* [Task brief] Everything in the listing below from the line containing "Swimmer's Itch Life Cycle" through the line containing "Teman Dental Bagikan" must be repeated exactly; the remaining lines are not wanted.

* [Provided entries]

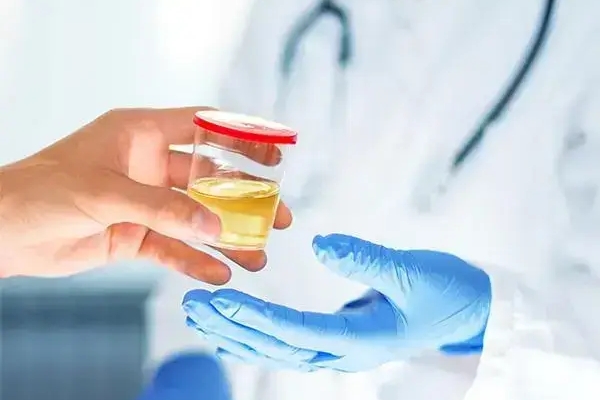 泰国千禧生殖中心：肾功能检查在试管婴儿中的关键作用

--

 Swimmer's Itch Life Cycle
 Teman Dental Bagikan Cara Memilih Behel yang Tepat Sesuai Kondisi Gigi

--

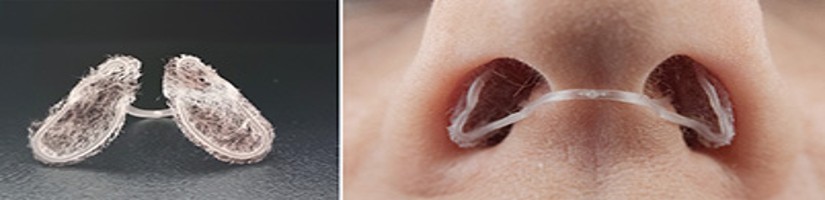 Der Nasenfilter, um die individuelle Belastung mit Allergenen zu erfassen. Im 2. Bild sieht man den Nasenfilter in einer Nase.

* [Answer space]
 Swimmer's Itch Life Cycle
 Teman Dental Bagikan Cara Memilih Behel yang Tepat Sesuai Kondisi Gigi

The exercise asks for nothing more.